§ THE TASK
The lines to extract begin at the line that contains "2017 Chevrolet Trax LT" and run through the last line of the listing; reproduce them exactly, minus any pictures.

____

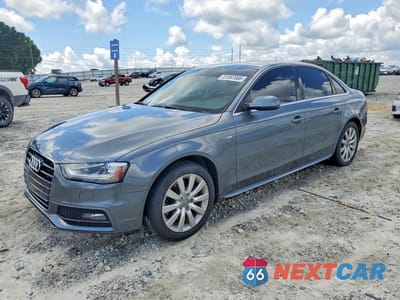2015 AUDI A4 PREMIUM WAUBFAFL7FN008331 - główne zdjęcie licytacji z USA - miniatura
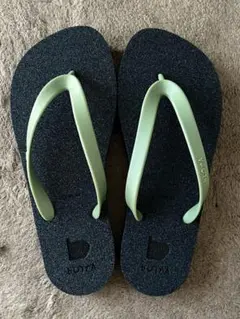 新品 buntA b-sandal 28㎝ ブンタ ビーサンダル ネイビー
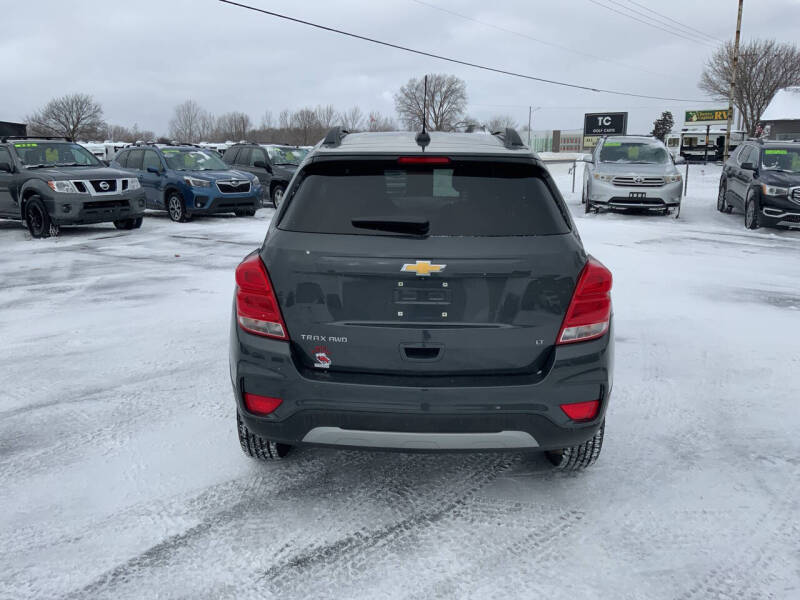 2017 Chevrolet Trax LT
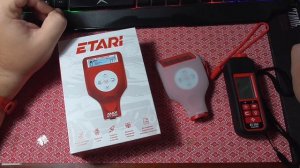 ETARI ET-700 Оказался китайским GUOOU GC8102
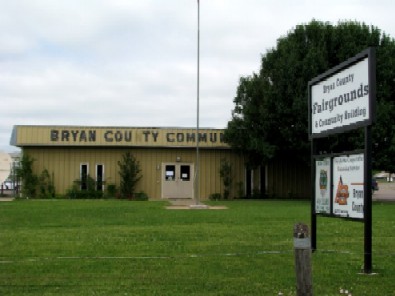 Durant Weekend Event: Bryan County Fair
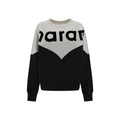 Isabel Marant Étoile Gray Cotton Sweatshirt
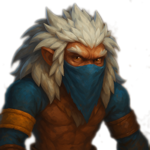 Mountain Monkey Rogue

____

§ RESULT
 2017 Chevrolet Trax LT
 ETARI ET-700 Оказался китайским GUOOU GC8102
 Durant Weekend Event: Bryan County Fair
 Isabel Marant Étoile Gray Cotton Sweatshirt
 Mountain Monkey Rogue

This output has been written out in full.